Love is Also Truth & Justice ~ BENEATH THE SURFACE with PAUL MURANO

By: Pal Murano – September, 2019

In our era that emphasizes love as mercy, let us not forget that love is also justice. Compassion and mercy encompass only one side of love. Truth and justice make up the other. It is like the two sides of a coin: it fails to be a coin without both heads and tails. Likewise, love fails to be love without both truth and compassion.

God is love (1 Jn 4:8). This means He is both just ‘and’ merciful: He commands ‘and’ is compassionate. He punishes ‘and’ forgives. He shows tough love ‘and’ soft love to His people. If the two sides of love are not properly balanced for the objective good, you end up with a false notion of love.

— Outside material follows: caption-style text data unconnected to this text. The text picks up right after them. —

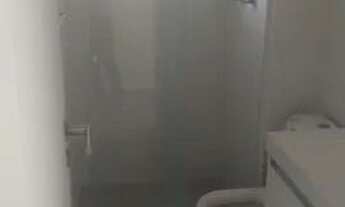 Imagem 5: Apartamento para aluguel com 83 metros quadrados com 3 quartos em José Menino - Santos - S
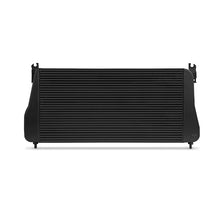 Laden Sie das Bild in den Galerie-Viewer, Mishimoto 01-05 Chevrolet 6.6L Duramax Intercooler (Black)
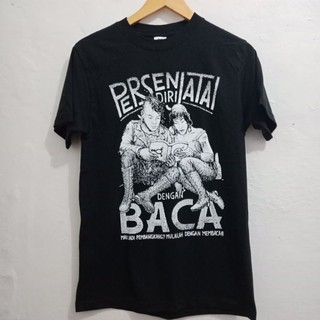 [S-5XL]เสื้อยืด ลาย Propaganda BAND Music (อ่านเอง)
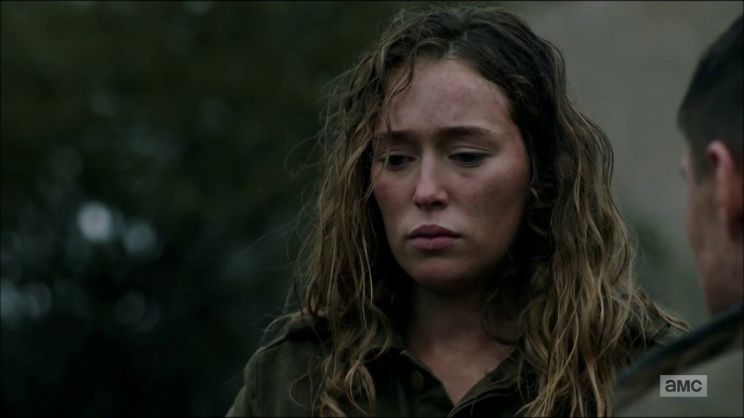 Alicia Clark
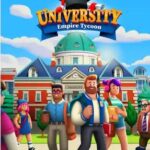 University Empire Tycoon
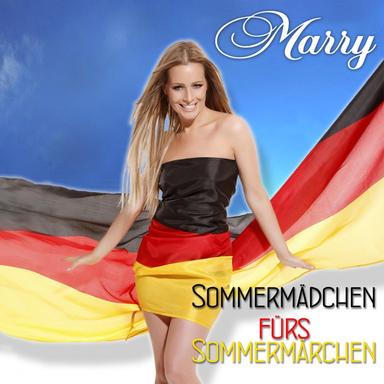 Sommermädchen fürs Sommermärchen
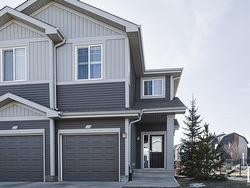 23 6004 ROSENTHAL Way NW  Edmonton, AB T5T 7L1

Justice without mercy can be harsh and hopeless, while mercy without justice is pure sentimentality. With regard to the latter, compassion without truth leads to enabling and tenderness without truth to abuse.

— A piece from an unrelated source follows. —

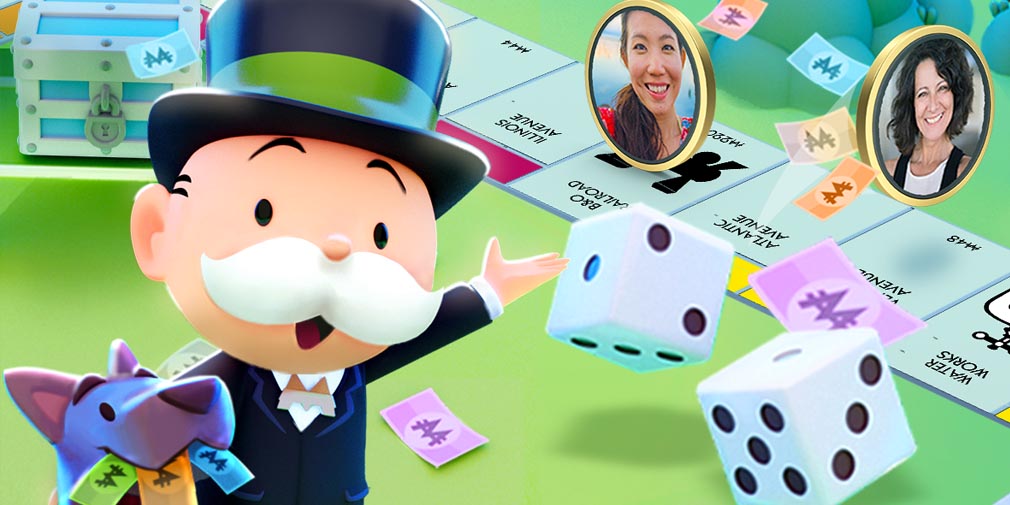 Ежедневные бесплатные ссылки на кубики в Monopoly Go (май 2026)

Because of the imperfection and imbalance of human nature, we have seen the pendulum swing to both extremes throughout history. This is nowhere more prevalent than in American culture of the past 75 years. Before the 1960s and Vatican II, one could say the pendulum had swung firmly over to the side of truth and justice. Sin and hell were regularly preached from the pulpit. Respect for authority including the law, the police, and the military were the norm. People feared God and children feared their fathers. Discipline in the home was paramount, and self-respect was seen as honor, integrity, chastity, and living in accord with the natural order.

Since that time the pendulum has swung in the opposite direction to the extreme. Forgiveness and compassion are now the emphasis. ‘Tolerance’ and ‘acceptance’ have become the new buzz words. Sin has turned into an alternative lifestyle and guilt a psychological aberration. That is why more people in our day go to counselors than to Confession. If you do not accept everyone’s personal lifestyle you’re a bigot.A PC culture has been created that has gotten so bad that some colleges have created ‘safe zones’ to exercise free speech, and an entire nation’s media culture has gone crazy from having a president who doesn’t kowtow to its constructed narrative and destructive ideas.

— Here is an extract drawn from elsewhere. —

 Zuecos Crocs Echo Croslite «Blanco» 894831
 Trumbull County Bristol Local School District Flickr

Whenever we find ourselves following the trend of ignoring justice and truth to redefine love as “niceness,”let us not forget that love is also: comparing some leaders to a brood of vipers (Mt 12:34), knocking over tables of the greedy and whipping their animals (Jn 2:15), comparing one’s good friend to Satan (Mt 16:23), telling some others they’re following the devil (Jn 8:44), informing friends that if they ‘remarry’ after divorce they commit adultery (Mt 5:32) as they do in their heart when deliberately lusting after women [as in pornography] (Mt 5:28), telling friends that their salvation depends on choosing God even over family members if such a conflict should arise (Mt 10:34-39), and warning people that if they do not repent of their chosen lifestyle they will go to hell (1 Cor 6:9-11). These are also love.

Yes, there is no limit to God’s mercy – to the repentant heart there is nothing God will not forgive a million times over. But we cannot forget that love is also justice, and this means conforming our lives to the truth without ever denying it. Love is not politically correct, nor is it prideful. Love does not act according to disordered desire, utility, or popularity, but only acts for the objective good of the other, despite the sacrifice.

So let us not forget that good will includes both justice and mercy, truth and compassion, affirmation and consolation. Love can be tough or soft, depending on what is needed. It has both masculine and feminine dimensions.Love is a paradox that is both/and, not either/or.